(Items listed in a dataset)
^^^^^^^^

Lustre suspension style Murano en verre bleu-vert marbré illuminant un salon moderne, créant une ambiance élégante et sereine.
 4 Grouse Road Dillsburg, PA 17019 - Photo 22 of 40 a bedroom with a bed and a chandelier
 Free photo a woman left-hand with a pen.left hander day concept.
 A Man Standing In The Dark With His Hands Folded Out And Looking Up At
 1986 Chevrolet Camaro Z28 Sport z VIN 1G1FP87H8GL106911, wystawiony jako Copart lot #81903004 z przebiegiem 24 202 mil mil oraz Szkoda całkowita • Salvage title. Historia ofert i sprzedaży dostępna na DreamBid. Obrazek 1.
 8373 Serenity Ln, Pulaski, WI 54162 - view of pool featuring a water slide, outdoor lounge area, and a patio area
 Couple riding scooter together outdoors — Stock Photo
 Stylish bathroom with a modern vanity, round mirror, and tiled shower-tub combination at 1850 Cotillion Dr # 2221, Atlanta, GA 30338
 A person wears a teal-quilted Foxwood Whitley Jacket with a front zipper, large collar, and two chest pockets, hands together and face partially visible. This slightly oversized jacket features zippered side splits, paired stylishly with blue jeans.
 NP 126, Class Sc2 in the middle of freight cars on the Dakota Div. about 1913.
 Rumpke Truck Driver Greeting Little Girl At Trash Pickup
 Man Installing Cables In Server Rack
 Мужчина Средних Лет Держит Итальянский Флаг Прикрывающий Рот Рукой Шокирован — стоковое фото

^^^^^^^^

**Assignment**.
Among the records above, repeat exactly the line with "NP 126, Class", the line with "Man Installing Cables In Server Rack", and every line in between, and only those.

**Solution to this problem**.
 NP 126, Class Sc2 in the middle of freight cars on the Dakota Div. about 1913.
 Rumpke Truck Driver Greeting Little Girl At Trash Pickup
 Man Installing Cables In Server Rack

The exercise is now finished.